I love this so much. My life has been marked with suffering the past few years- infertility, failed adoption, failed foster parenting, and legal woes. BUT- as much as I’ve hated this season of hard and waiting, I wouldn’t change it for the reason you mentioned above- I’ve encountered our Father in a whole new way. And it has been so worth it. Do I still doubt? Yes. Do I still struggle? Absolutely. I have no idea why or how long God will have us where He does, but I trust Him. And I love Him for loving me so much and bringing me closer to His heart. Thank you for sharing this post- what a blessing it is to my weary heart!

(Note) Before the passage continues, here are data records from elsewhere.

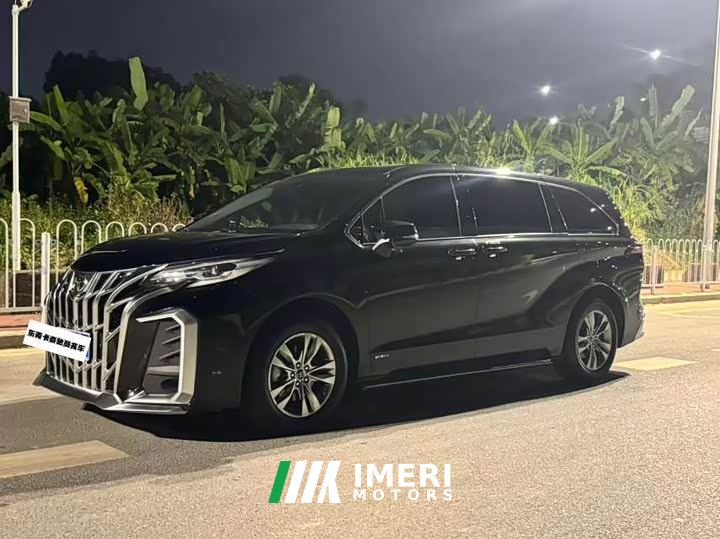 Toyota Sienna 2.5L Hybrid Comfort Edition
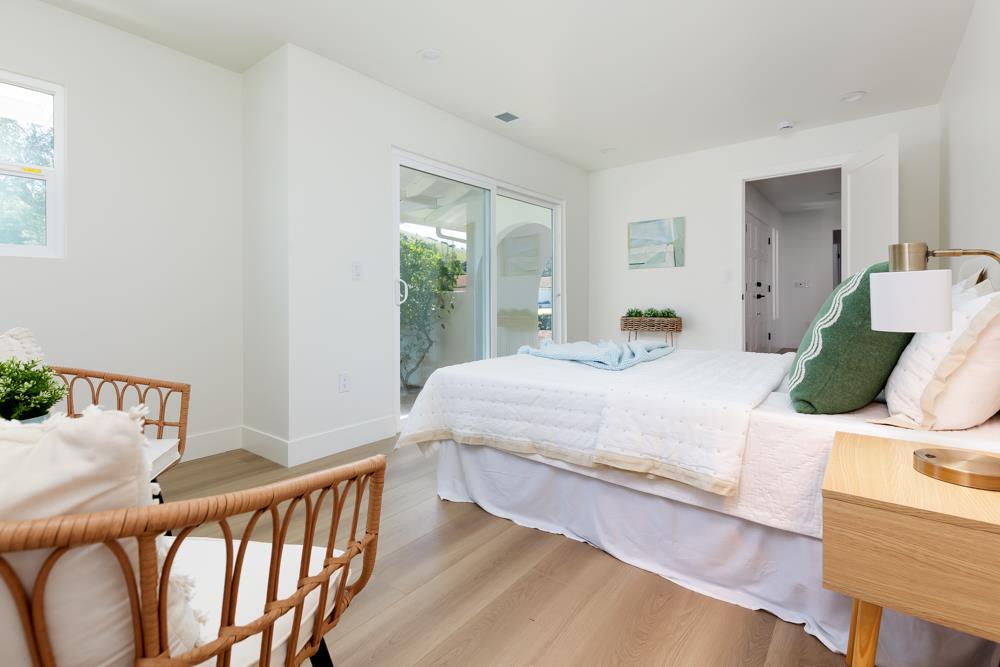 Detail Gallery Image 21 of 35 For 20090 Portola Dr, Salinas,  CA 93908 - 3 Beds | 3 Baths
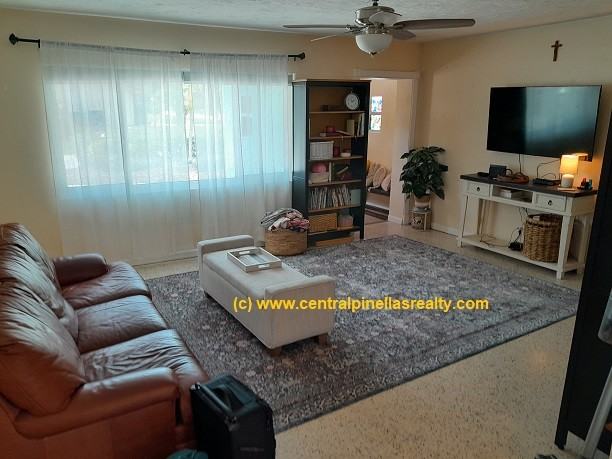 2643 Morningside Dr #NA - Photo 3 of 28
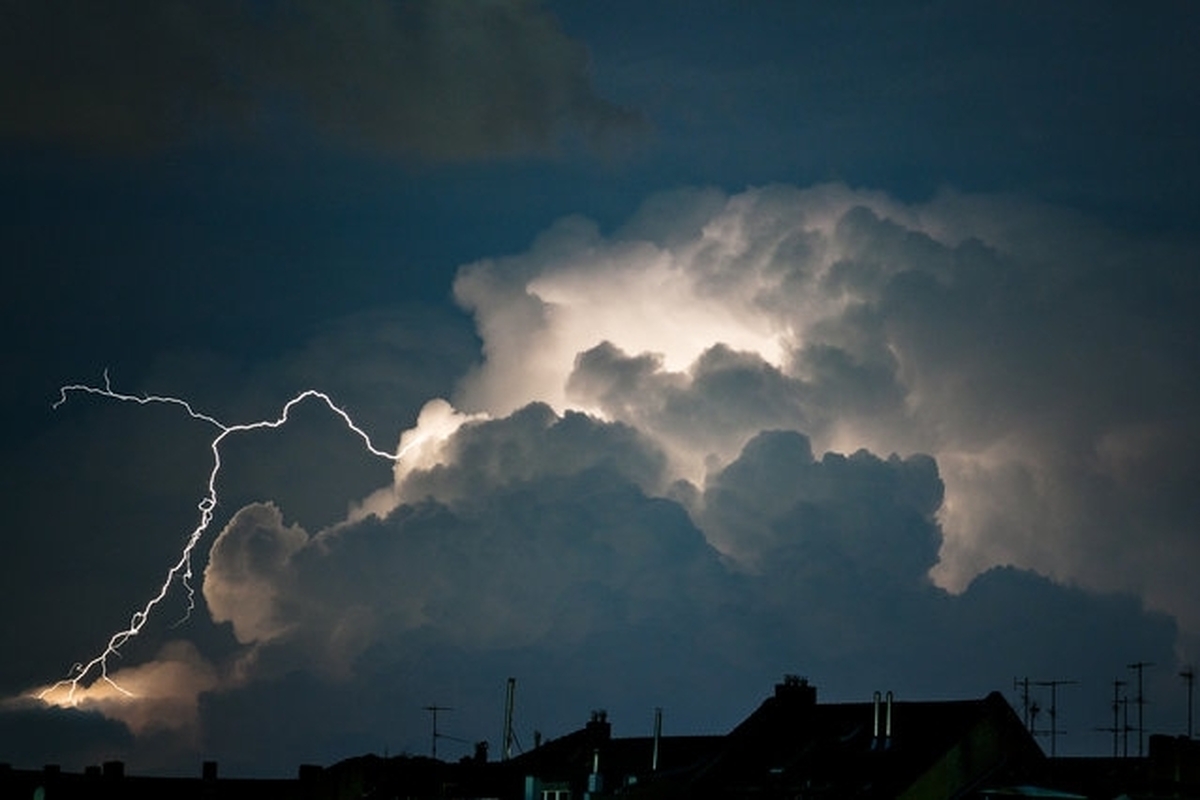 هشدار جدید هواشناسی؛ امروز منتظر طوفان‌های تندری باشید +فیلم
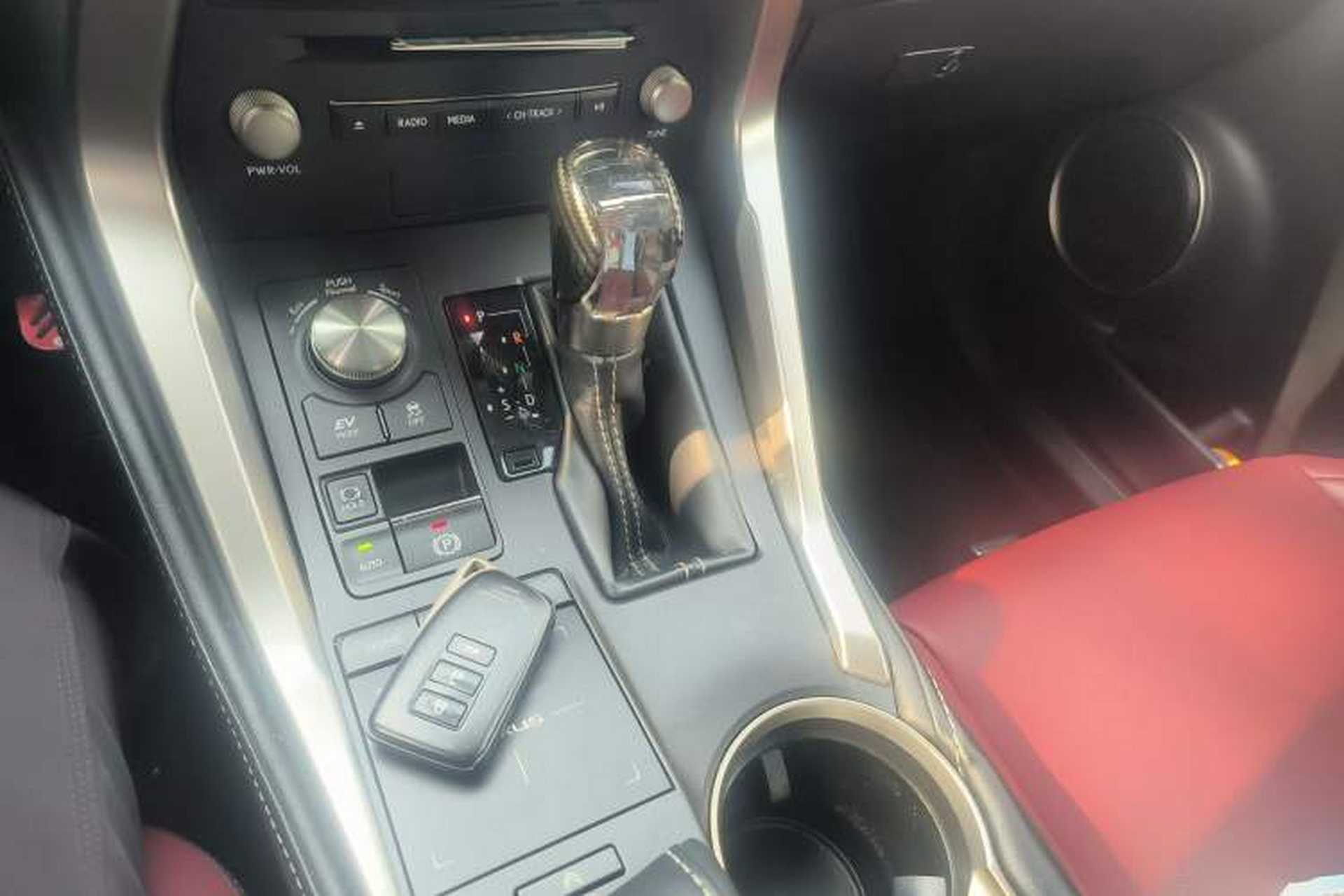 Used Lexus NX 2019 300h Millionth Anniversary Limited Edition China VI Standard Gear Lever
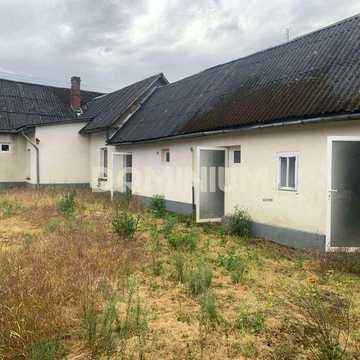 Продається житловий будинок з комерційними приміщеннями в м.Виноградів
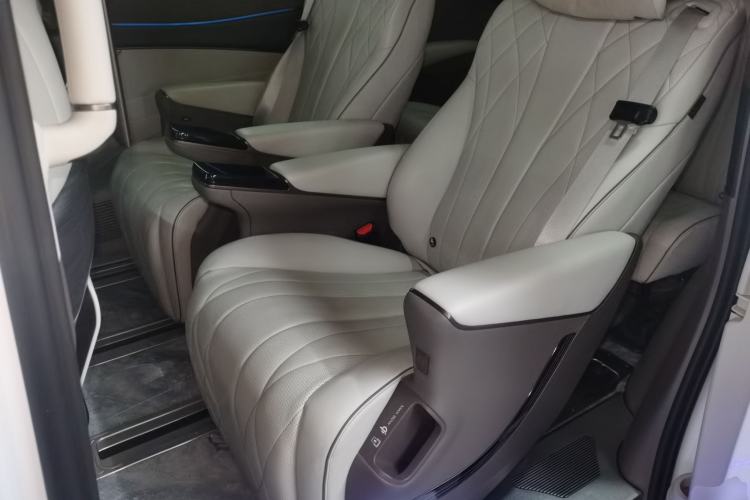 Used Denza D9 2022 DM-i 970 Four-Wheel Drive Flagship Model Left Rear Seat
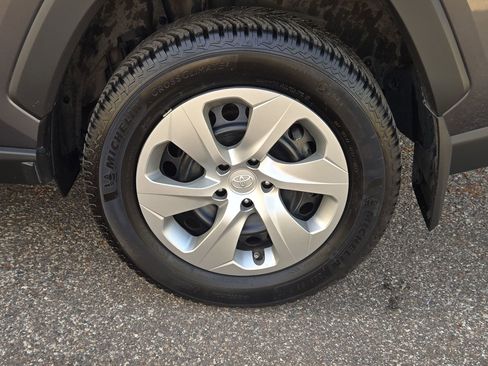 Used 2019 Toyota RAV4 LE w/ All Weather Liner Package image 30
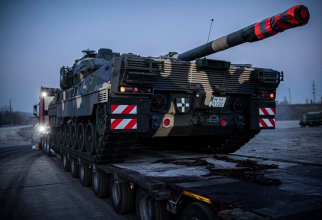 Livrare unui tanc Leopard 2A7HU (Leopard 2A7+) ale armatei ungare. Fotografie realizată de Ministerul ungar al Apărării.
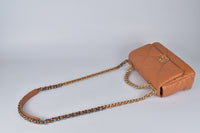 Chanel 19 焦糖棕色手提包，金色、银色和钌色金属 * 带微芯片 *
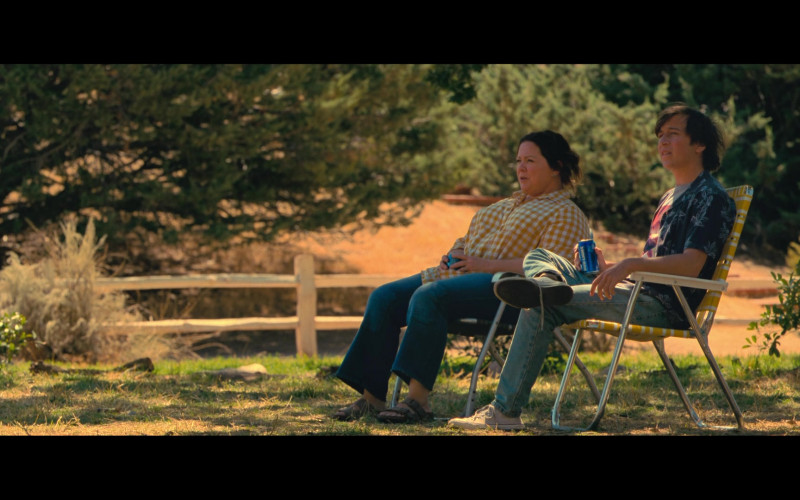 Bud Light Beer Enjoyed by Melissa McCarthy as Lilly Maynard and Skyler Gisondo as Dickie in The Starling (1)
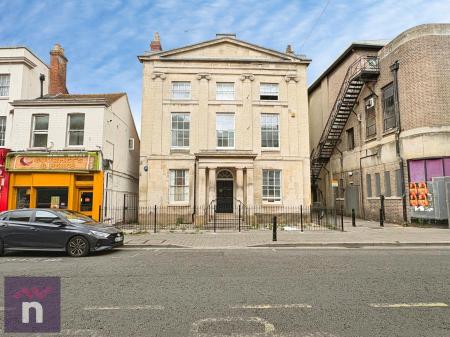 1 bedroom Flat to let in Eastgate Street, Central, Gloucester, GL1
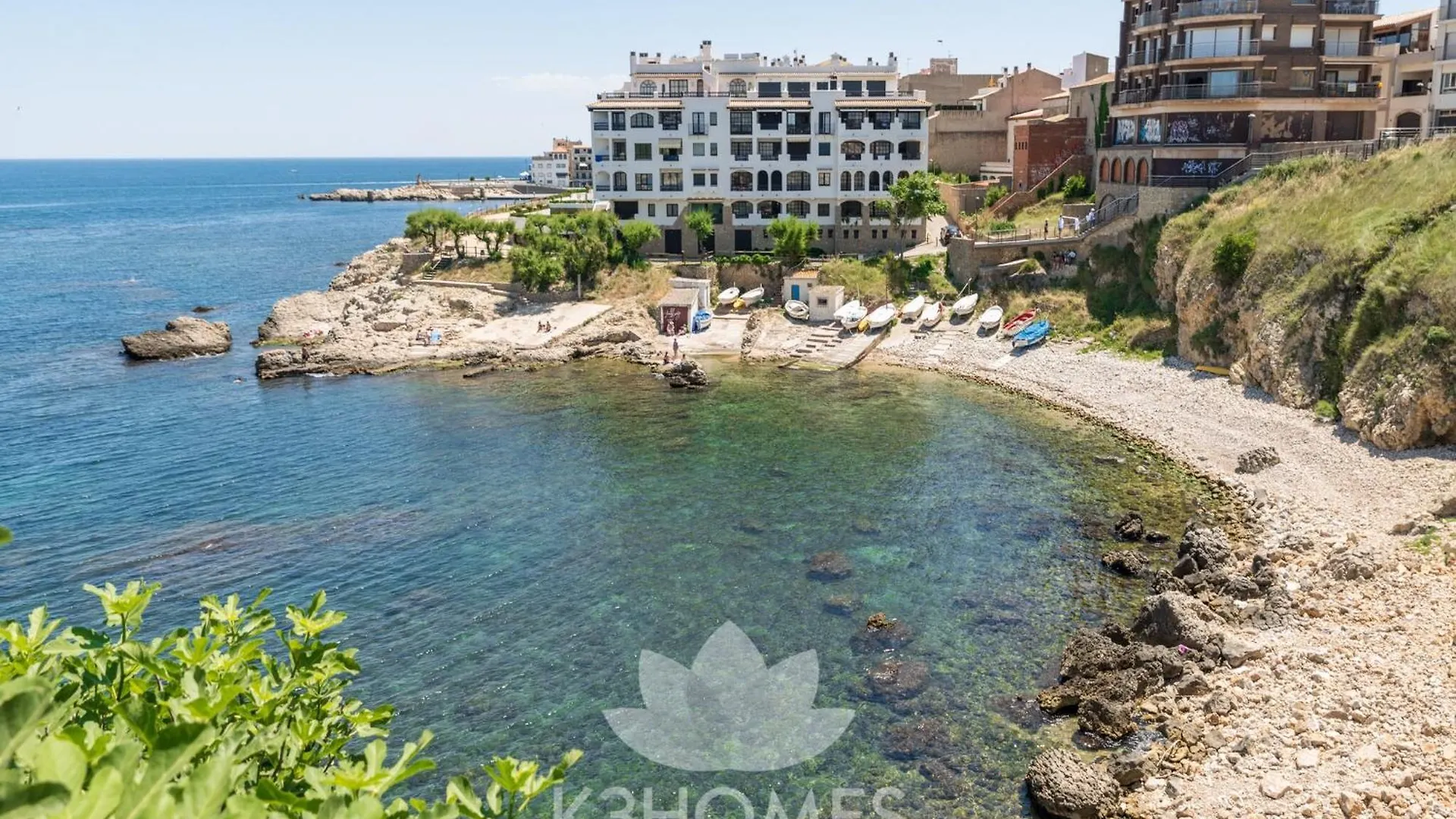 Rustic Style Villa Near Pyrenees Beach Ля Эскала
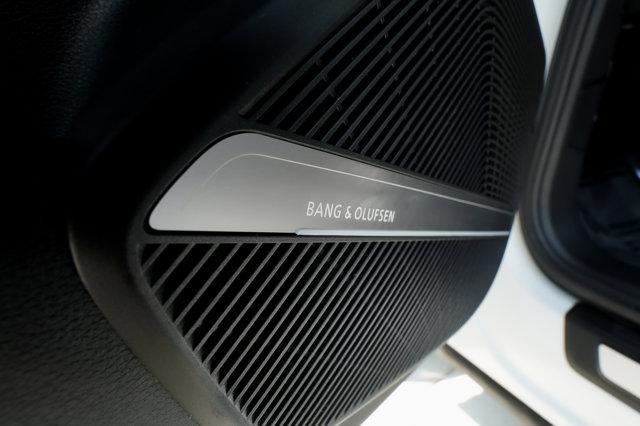 2025 Glacier White Metallic Audi Q5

My heart goes out to you…suffering is just hard, even though we learn many priceless lessons through it. I’d love to hear more of your story sometime! Thank you for being a testimony of God’s grace.
I loved what you wrote about the only answer is an encounter with God. That is exactly what I wrote in a paper in college on injustice. It was the first time I had written about sexual abuse. And it’s true. The years of pain and darkness and confusion changed so much when I had an encounter with God, and he gave me the picture of the angels being there while I was sexually abused, and lifting me out of it, and God saying that I was safe. You know I still go through the ramifications of that sexual and physical and emotional and spiritual abuse. Sometimes it becomes overwhelming. There are no pat answers that can fix it. But I have someone to go to. Someone who loves me and will walk with me no matter what. And that is the most precious thing in the entire world to me. I cannot wait to marry the Love of my life one day and be forever in his presence. Thanks for the good post!
I love the story about the angels! Hugs!
Beautiful. So meaningful. Thank you.